Mit Einbußen in eigener Sache rechnet er ohnehin. "Allein die Arbeit im Homeoffice wird uns eine Wertschöpfungsminderung in Höhe von 20 bis 30 Prozent bescheren", sagt der Steuerfachmann. Das betreffe vor allem Unternehmen, die wie seins rund 70 Prozent Frauen im Team haben. "Mütter mit kleinen Kindern können zu Hause nicht genau so viel Arbeit schaffen, wie im Büro." Schließlich leisten sie derzeit auch noch die Betreuung und Beschulung. Schmidt weiß das nur zu gut. Auch er hat ein kleines Kind daheim.
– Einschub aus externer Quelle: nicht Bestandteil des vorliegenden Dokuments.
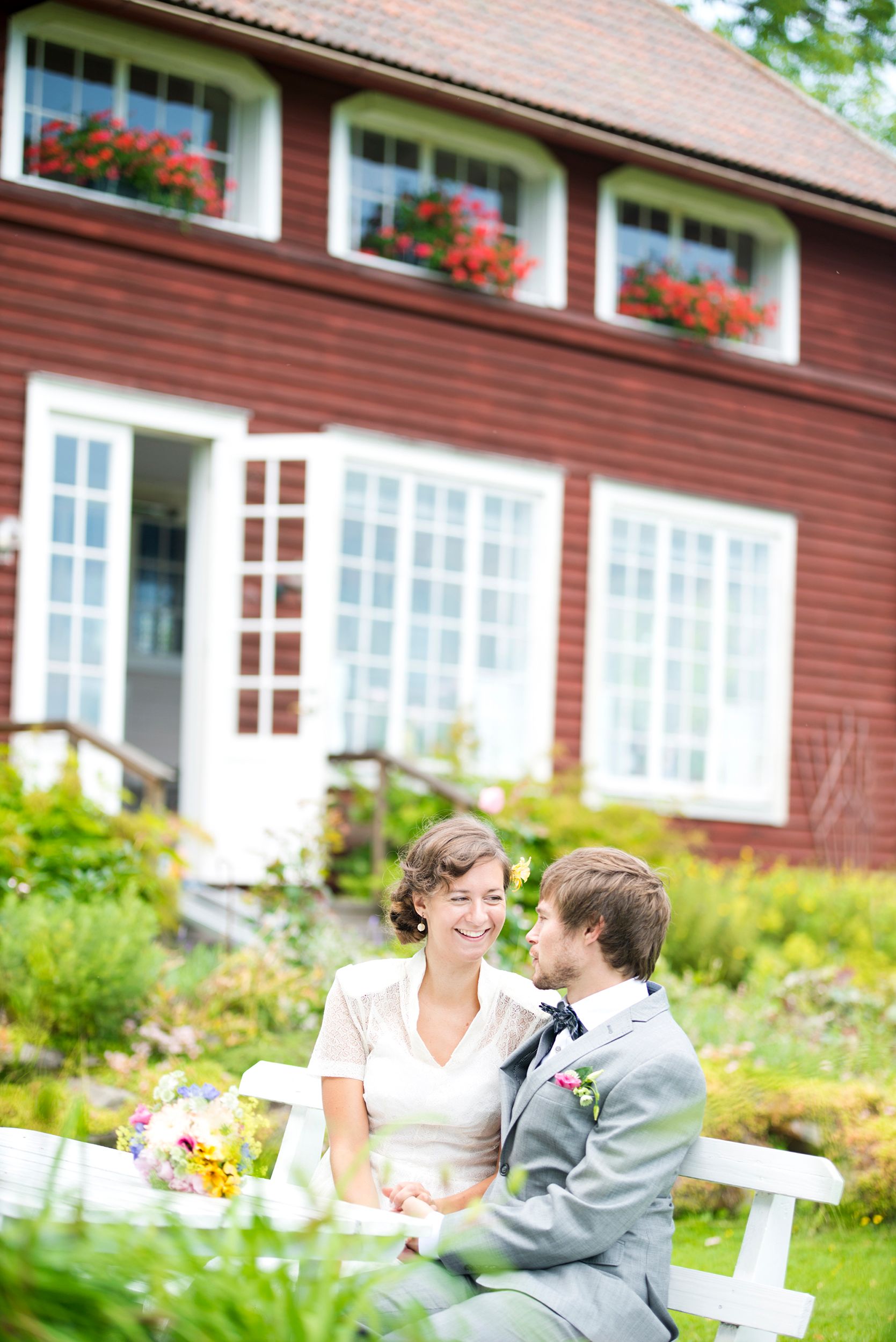 Anna och Davids bröllopsdag på Sillegården och Västra Ämterviks kyrka. Fotograf Rebecca Nordin.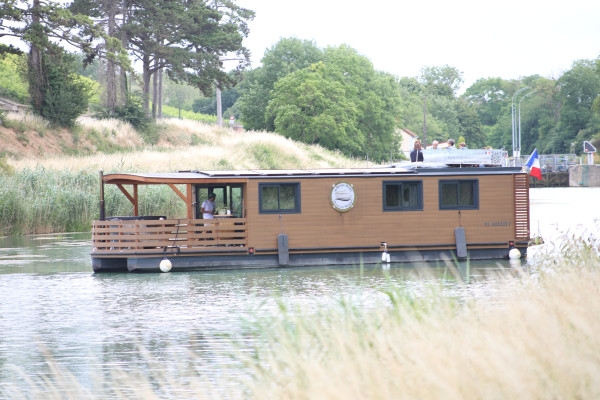 Croisière au fil de l’eau, atelier sabrage, dégustation - Exploregion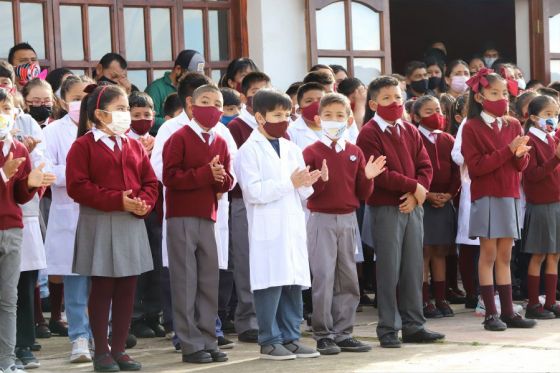 El gobernador Gustavo Sáenz inauguró oficialmente el ciclo lectivo 2022 en la provincia en la escuela N° 4752 “Dody Aráoz Costas de Jovanovics Usandivaras” de Campo Quijano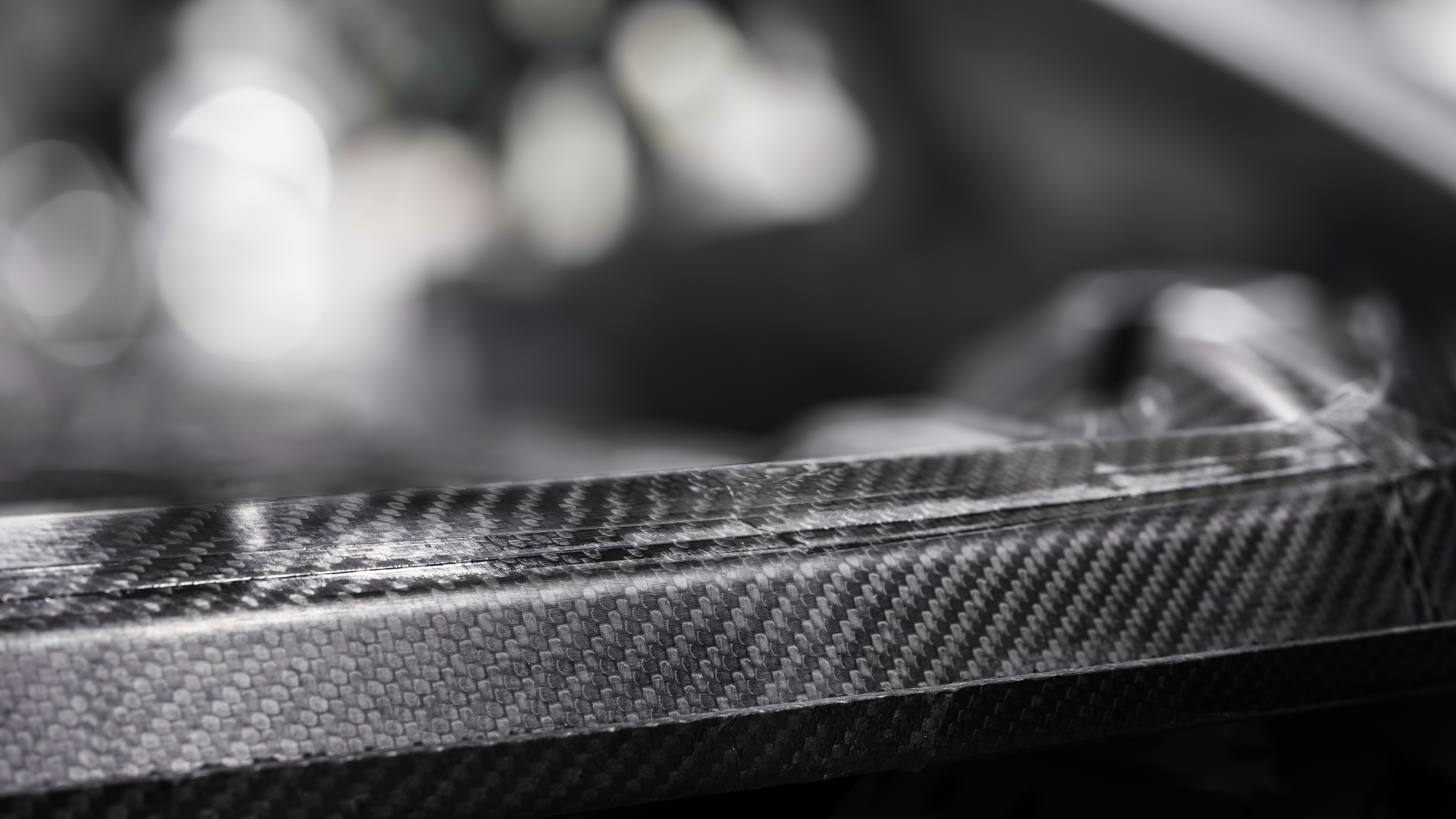 Detailed view over the Carbon fibre that covers a large part of the upper body of Polestar 1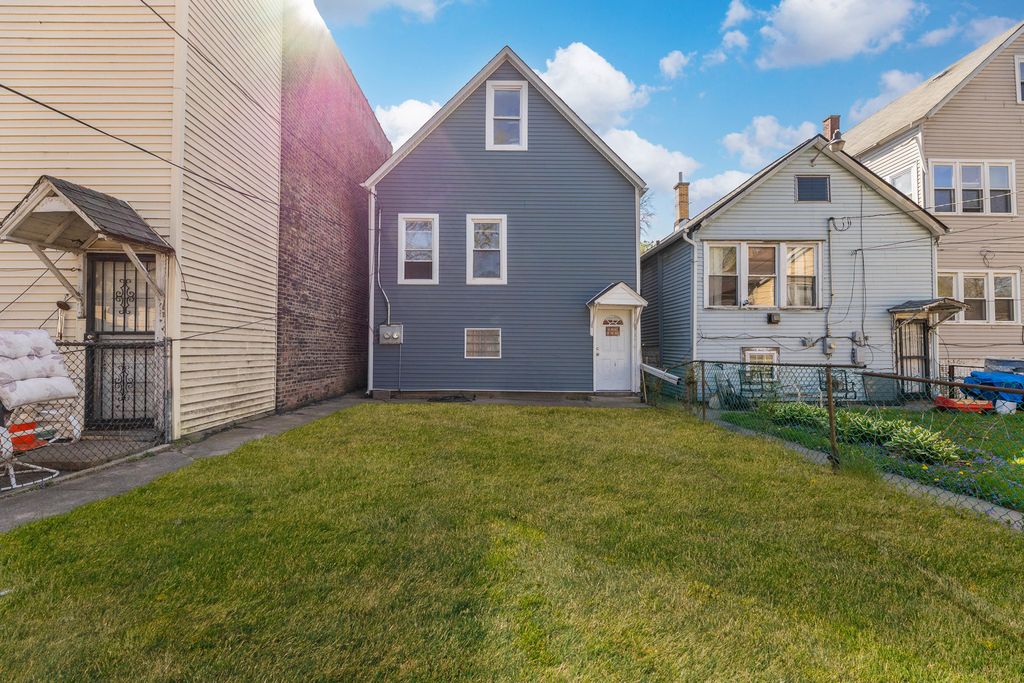 Image 21 of property listing at 5233 S Racine Street, Chicago, IL 60609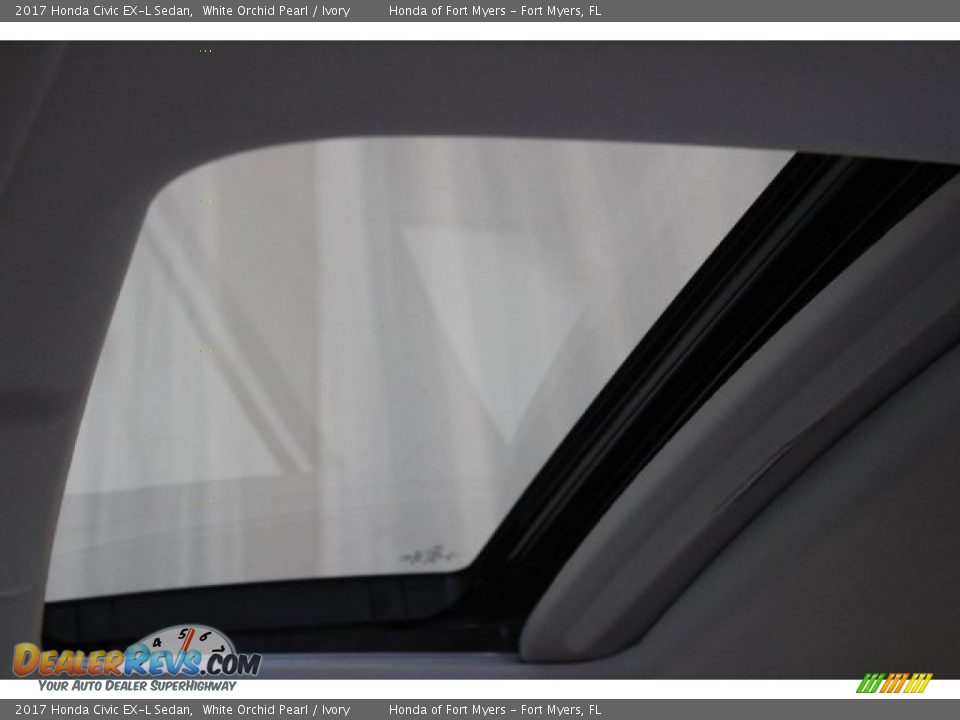 2017 Honda Civic EX-L Sedan White Orchid Pearl / Ivory Photo #24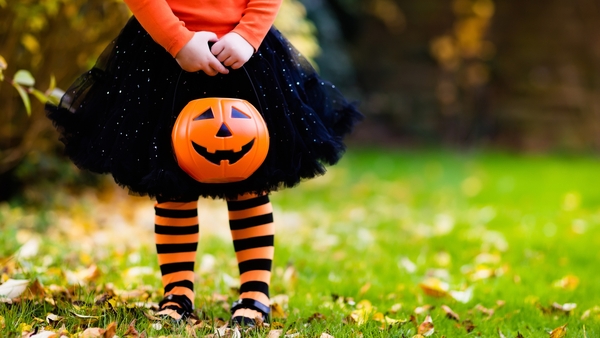 'Tis the season to be spooky! These creepy snacks will give you some major Halloween inspiration and are ideal for making with the kids.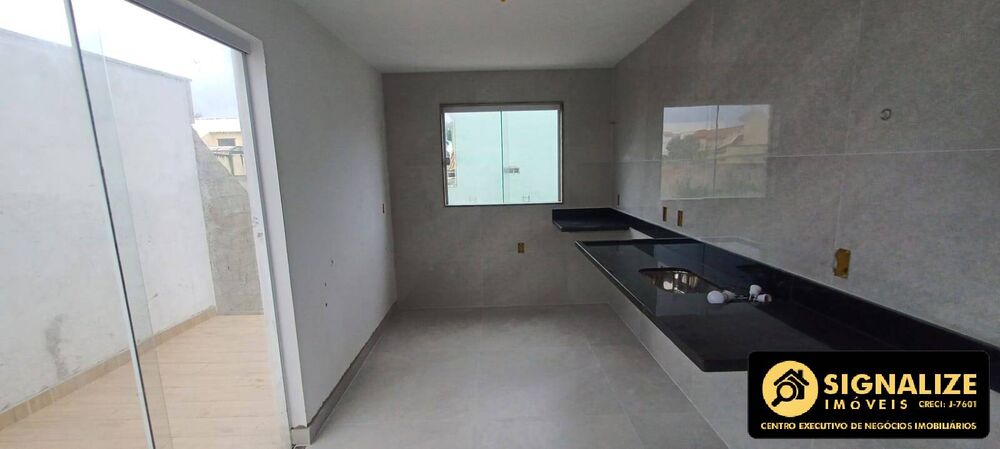 Casa à venda com 4 quartos, 103m² - Foto 1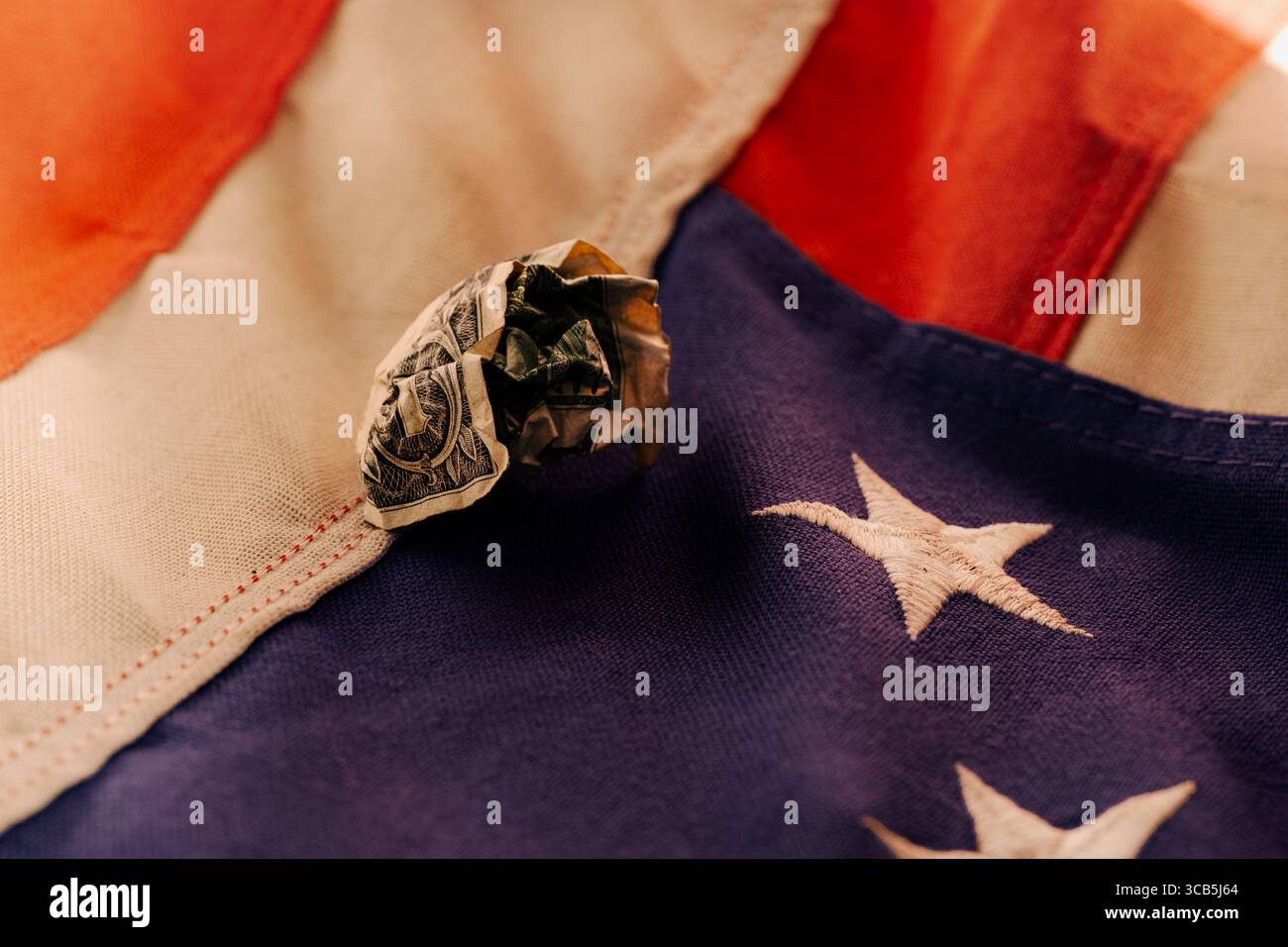 Abstrakte visuelle Darstellung ökonomischer Herausforderungen und Chancen durch symbolische Objekte in ausgewogener Komposition. Stockfoto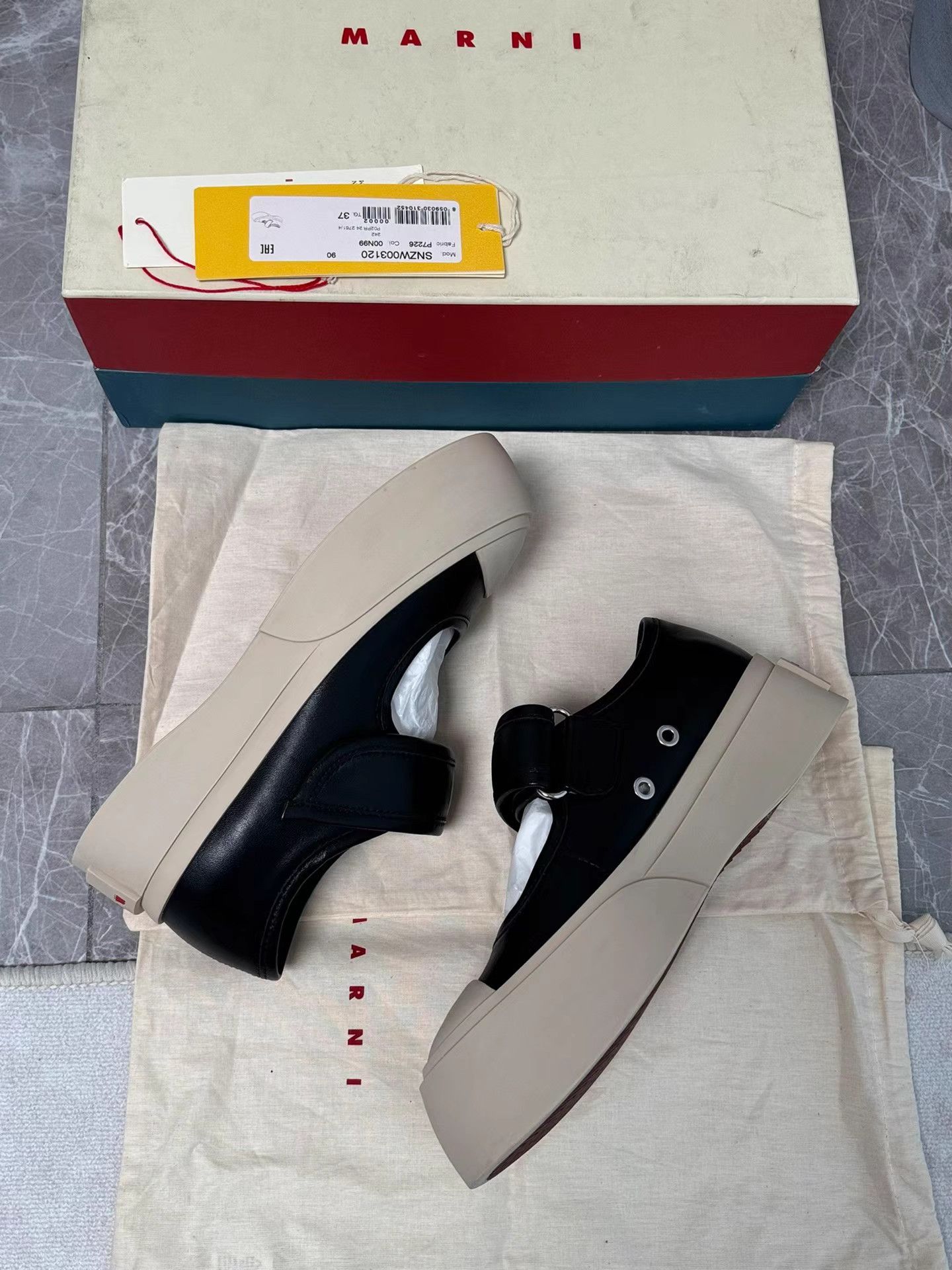 Marni Marni Velcro Strap Big Toe Shoes K6 Size US 7 / IT 37 - 7 Thumbnail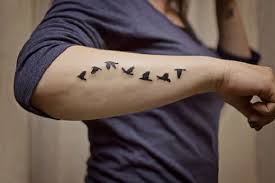 Bird Tattoo On Hand For Boys Birds Tattoo Man Buscar Con Google Bird Tattoos Arm Bird Tattoo Men Arm Tattoos For Guys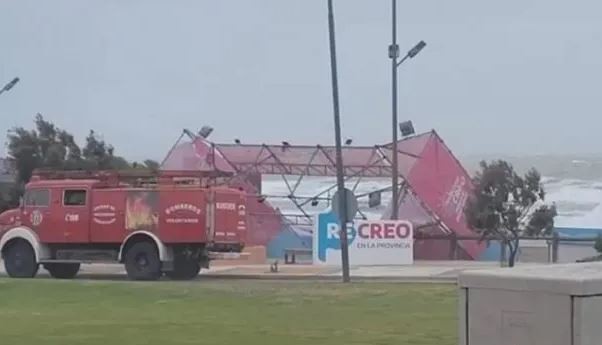 Temporal en la costa: ráfagas de viento causaron la caída de un parador y otros daños en la playa | Nacionales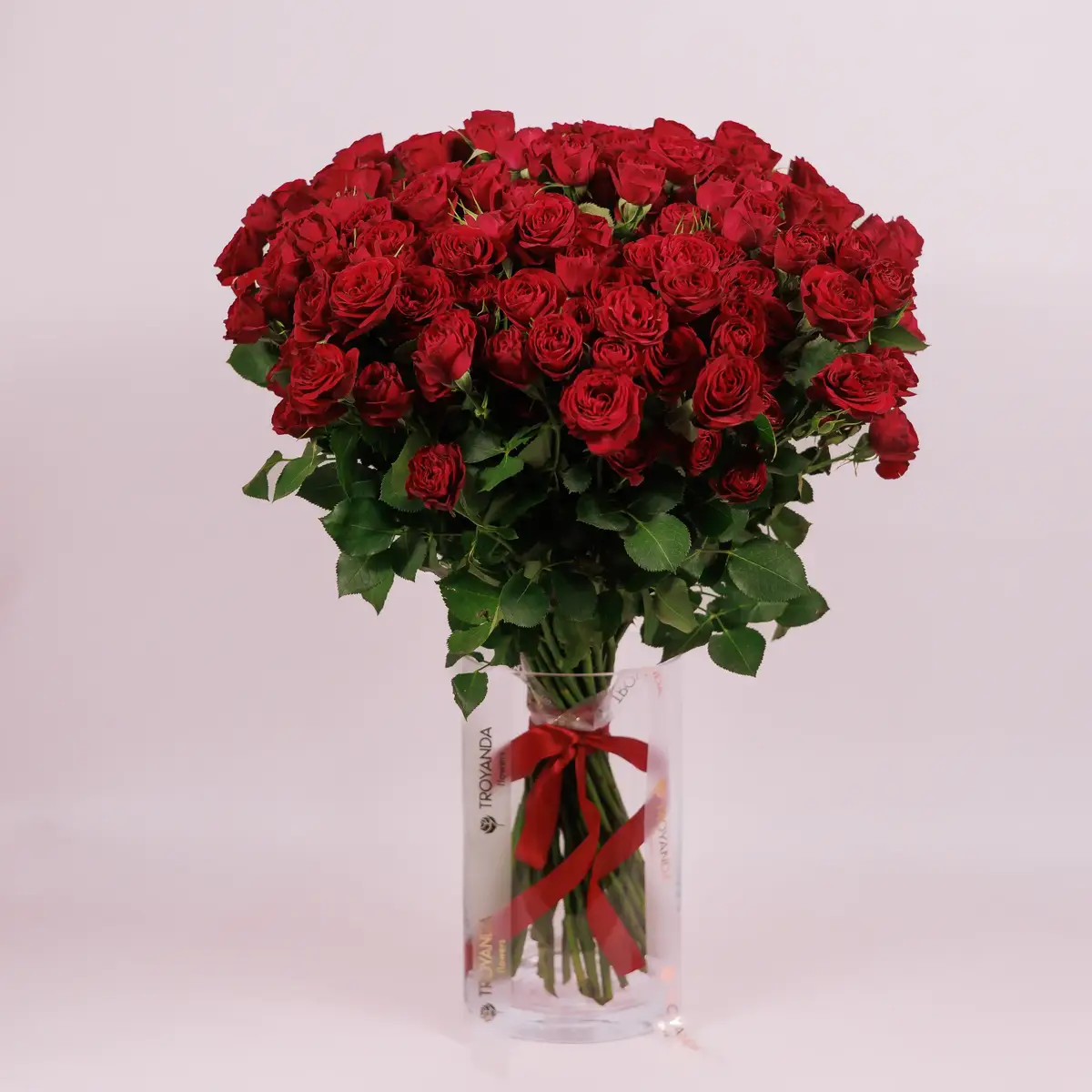 Букет 41 Троянда спрей Ред Трендсетер купити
Eine weitere Sorge treibt Steffen Schmidt und Hans-Joachim Kraatz um: "Wir gehören nicht zu den sogenannten systemrelevanten Berufen." Das bedeute im Ernstfall einer Ausgangssperre, dass Steuerberater nicht mehr das Haus verlassen, nicht ins Büro gehen, keine Unterlagen von Kunden entgegennehmen können. "Für uns und für die betroffenen Unternehmen wäre das eine Katastrophe", sagt Kraatz. Zwar laufe der Antrag auf Einstufung als relevant fürs System. Doch was, wenn sich die Dinge überschlagen, wie schon so oft in jüngster Zeit?

"Wir müssen arbeitsfähig bleiben!" Eindringlich sprechen Schmidt und Kraatz von "der außerordentlichen Notsituation", in der sich die Wirtschaft befinde. Dafür braucht es Experten, die den komplexen Grenzgang der Unternehmer begleiten. "Auf die finanziellen Fragen, die Corona aufwirft, gibt es keine einfachen Antworten."